→ Aim of the exercise: Copy out again, unchanged, the listing below from the line that has "Gamze Özçelik, 1." through the line that has "Quần jeans Badblood ống rộng màu đen".

→ Information given:
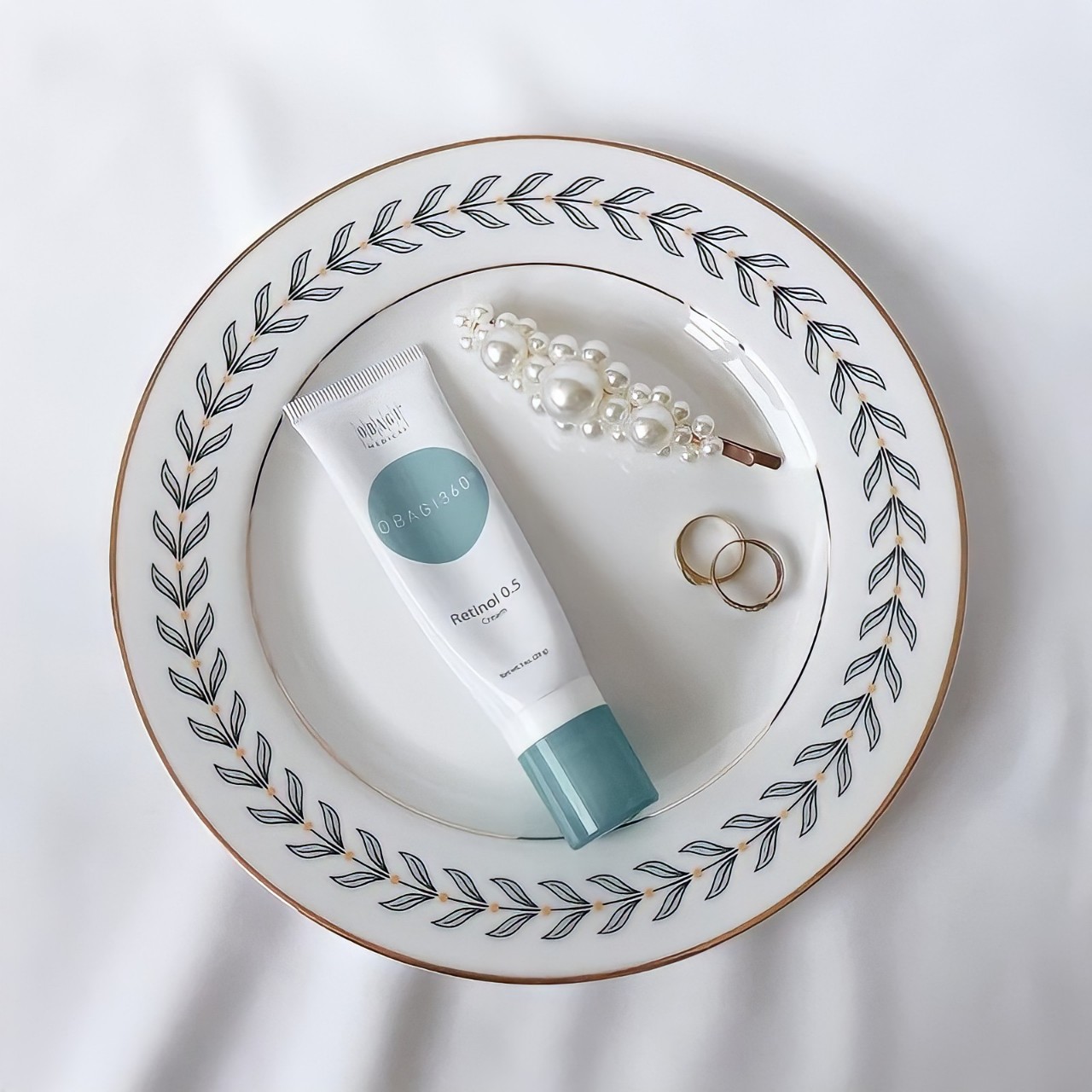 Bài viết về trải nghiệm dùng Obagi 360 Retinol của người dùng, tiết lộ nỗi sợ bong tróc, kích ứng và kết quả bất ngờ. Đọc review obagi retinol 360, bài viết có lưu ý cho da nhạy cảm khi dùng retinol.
* * *
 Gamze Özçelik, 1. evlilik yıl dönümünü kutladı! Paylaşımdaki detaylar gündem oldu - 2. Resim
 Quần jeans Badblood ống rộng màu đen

→ Result of this exercise:
 Gamze Özçelik, 1. evlilik yıl dönümünü kutladı! Paylaşımdaki detaylar gündem oldu - 2. Resim
 Quần jeans Badblood ống rộng màu đen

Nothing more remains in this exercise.